En France, plus de 80% de la population détient un livret A avec un encours national de 404 milliards d’euros. Pour beaucoup de musulmans, ce placement représente un dilemme moral profond : comment concilier la nécessité d'épargner avec les principes éthiques de l'Islam ? Chez 570easi, leader français de la finance éthique conforme aux principes islamiques, nous pensons qu'il est temps de lever le voile sur cette réalité et de proposer des alternatives concrètes.
Partie 1 : Le livret A, comprendre son fonctionnement pour mieux saisir le problème
Un produit d'épargne "miracle" en apparence
Le livret A, créé en 1818, est devenu le placement préféré des Français. Ses caractéristiques semblent effectivement séduisantes avec une souscription dès 10€ minimum :
Un taux garanti par l'État : actuellement fixé à 1,7% (2,4% en Février 2025), ce taux est révisé tous les 6 mois
Un plafond de 22 950€ pour les particuliers (76 500€ pour les assos à but non lucratif)
Une garantie totale du capital : l'État français garantit que personne ne perd
Une disponibilité immédiate : vous pouvez retirer vos fonds à tout moment
Une exonération fiscale : les intérêts sont nets d'impôts et de prélèvements sociaux
Cette apparente perfection, le combo ‘Garantie-Liquidité-Exonération’ cache pourtant une réalité plus complexe.
À quoi servent réellement vos économies ?

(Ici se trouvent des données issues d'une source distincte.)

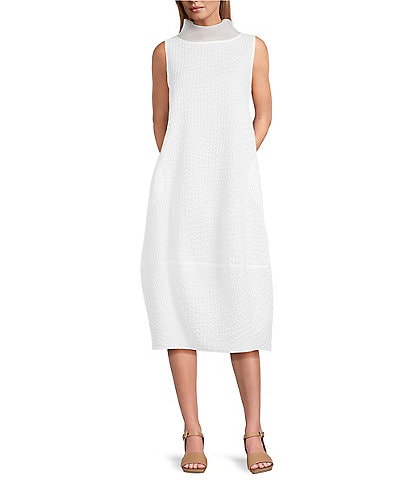 IC Collection Sleeveless Sheer Organza Funnel Neck Balloon Waistless Midi Dress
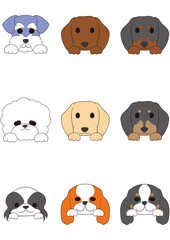 Obraz premium ワンちゃんの正面顏(手つき))5犬種9匹セット)フルカラー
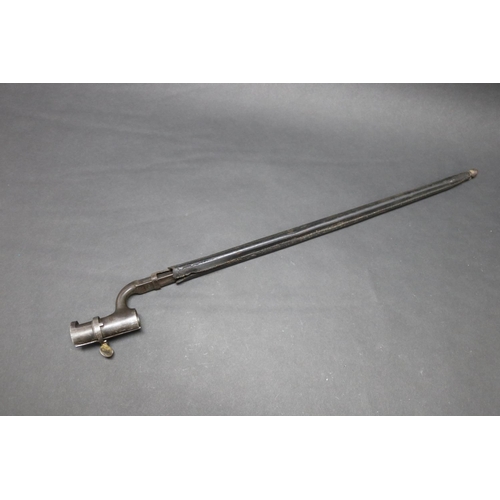 132 - British Pattern 1853 socket bayonet with scabbard variant, of slightly longer length, with socket cu... 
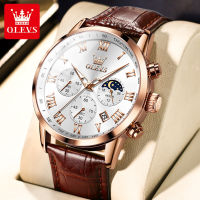 OLEVS 5529 Genuine Leather Band Watches For Men Sport Quartz Waterproof Men Wristwatch Luminous Moon Phase Chronograph Calendar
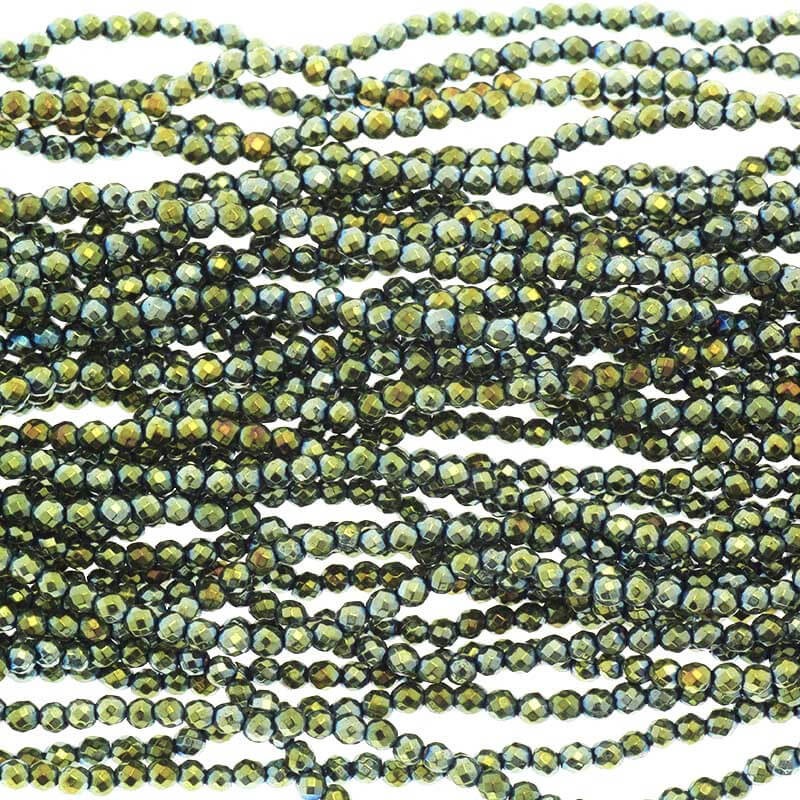 Hematyt koraliki kulki fasetowane 2mm zielony metalik 220szt/ sznur KAHE34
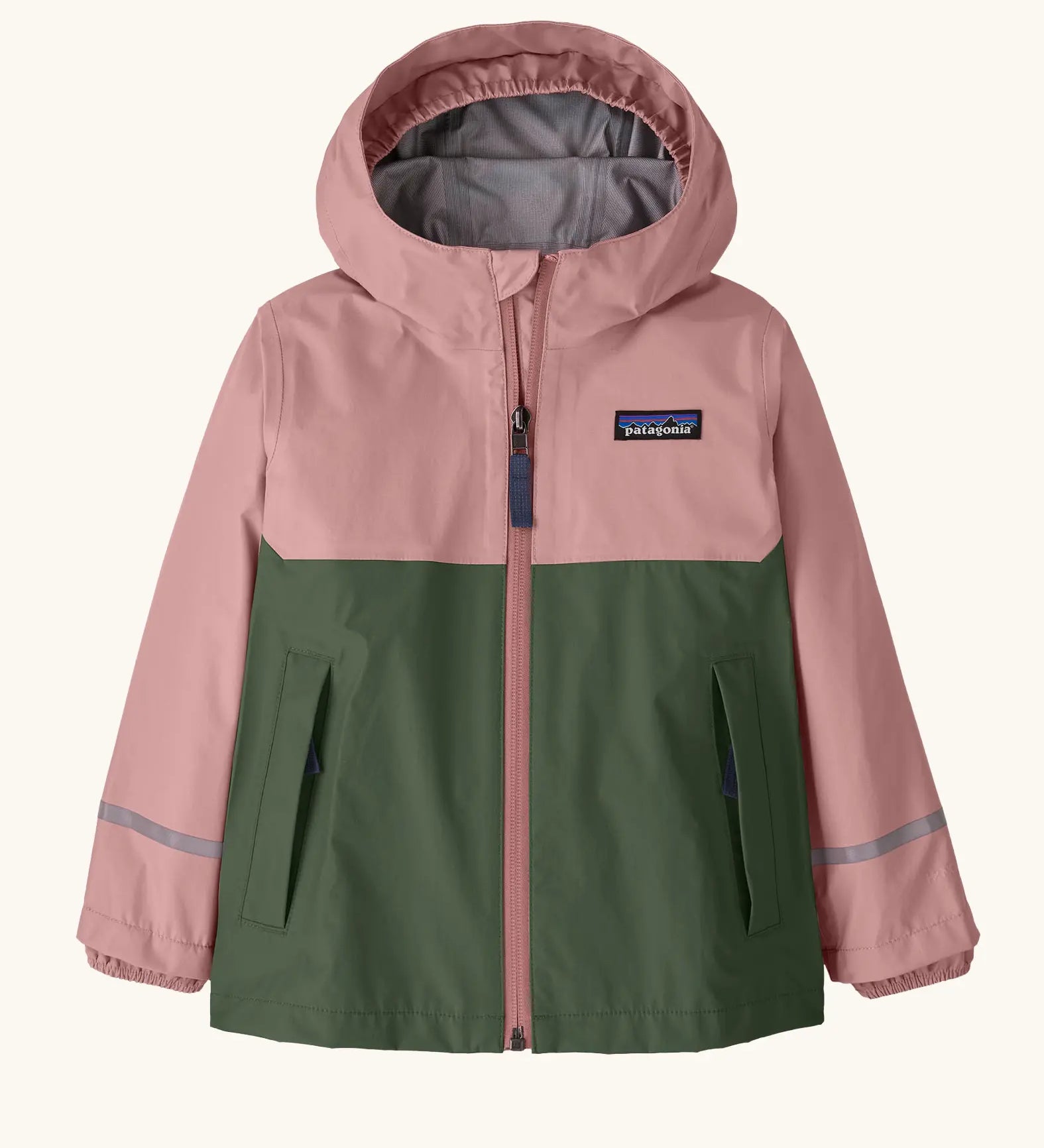 Patagonia little kids torrentshell 3L rain jacket in fuzzy mauve.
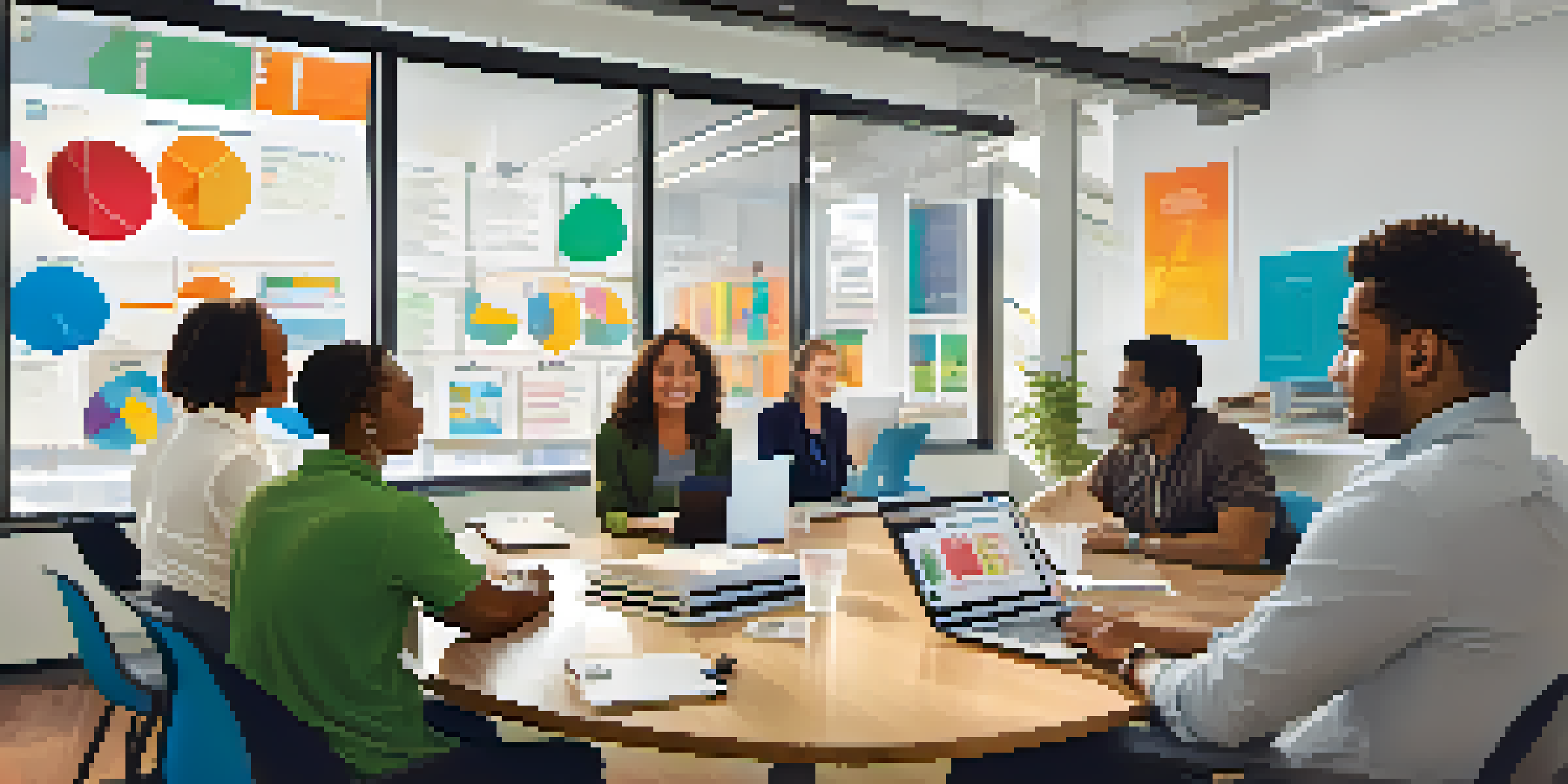 A diverse group of employees collaborating in a modern office, surrounded by large windows and motivational posters.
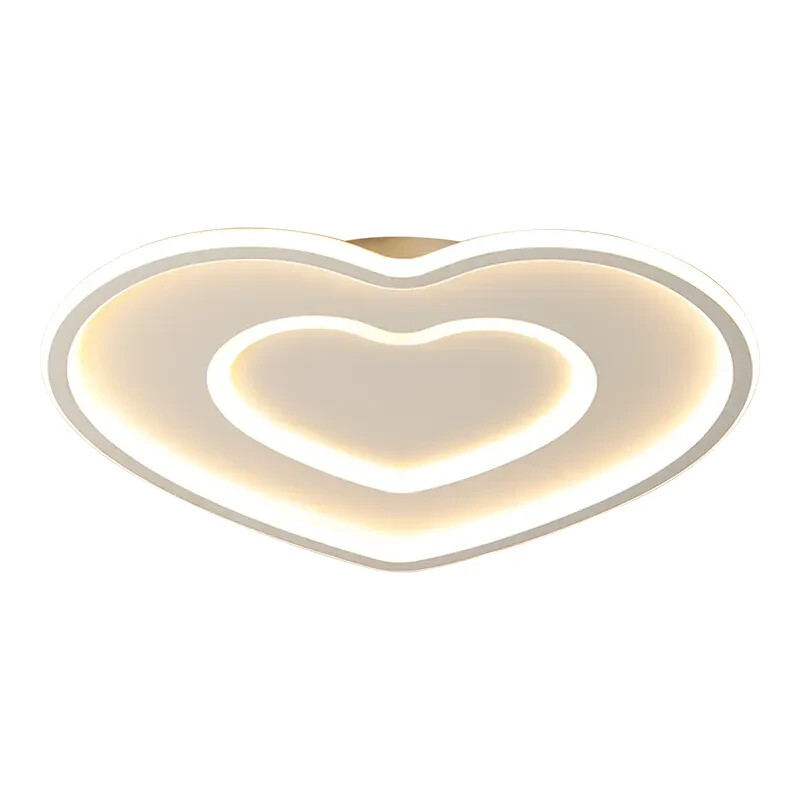 Plafoniera Cuore LED 63W Camera Bambini | Luce Sicura in Alluminio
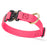 Hot Pink Biothane dog collar with pebbled coating, Cobra buckle, and brass D-ring, 1 inch wide, adjustable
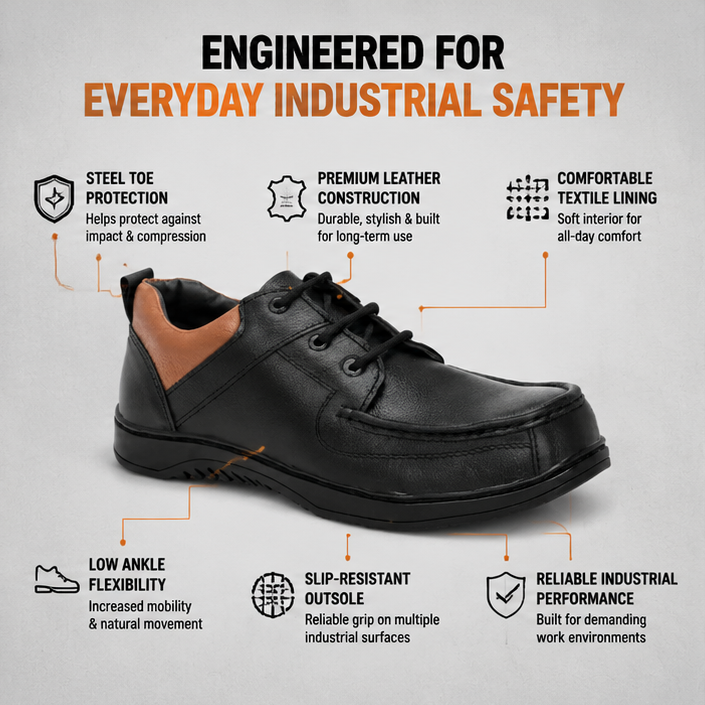 ArmaDuro AD1033 Leather Steel Toe Black Work Safety Shoes 3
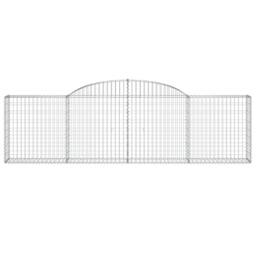 Berkfield Home Decorative Arched Gabion Basket 300x30x80/100 cm Galvanised Iron in Silver - thumbnail 1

Contrairement à une idée reçue, votre argent placé sur le livret A ne dort pas dans un coffre-fort. Il est activement utilisé dans le système financier :
60% des fonds sont centralisés à la Caisse des Dépôts et Consignations (CDC) qui les utilise pour financer le logement social (< 35% des encours), prêter aux collectivités locales et investir sur les marchés financiers (des milliards d'euros placés en bourse).
40% restent dans les banques qui doivent théoriquement les utiliser pour financer les PME, les projets écologiques et l'économie sociale et solidaire (ESS).
Le mécanisme de la garantie et de rémunération
La garantie du capital et du rendement repose sur un système complexe :
L'État fixe un taux de rémunération indépendamment des performances réelles des projets en prenant compte du niveau de certains taux d’intérêts à court terme constatés sur les marchés financiers et du niveau de l’inflation sur les douze derniers mois
Si les placements de la CDC génèrent moins que promis, l'État compense. Si les placements génèrent plus, l'État prélève l'excédent
Les intérêts rapportés par les sommes présentes sur votre livret A sont calculés par quinzaine sur le mois. Les intérêts sont capitalisés, c’est-à-dire versés sur votre livret, à la fin de chaque année.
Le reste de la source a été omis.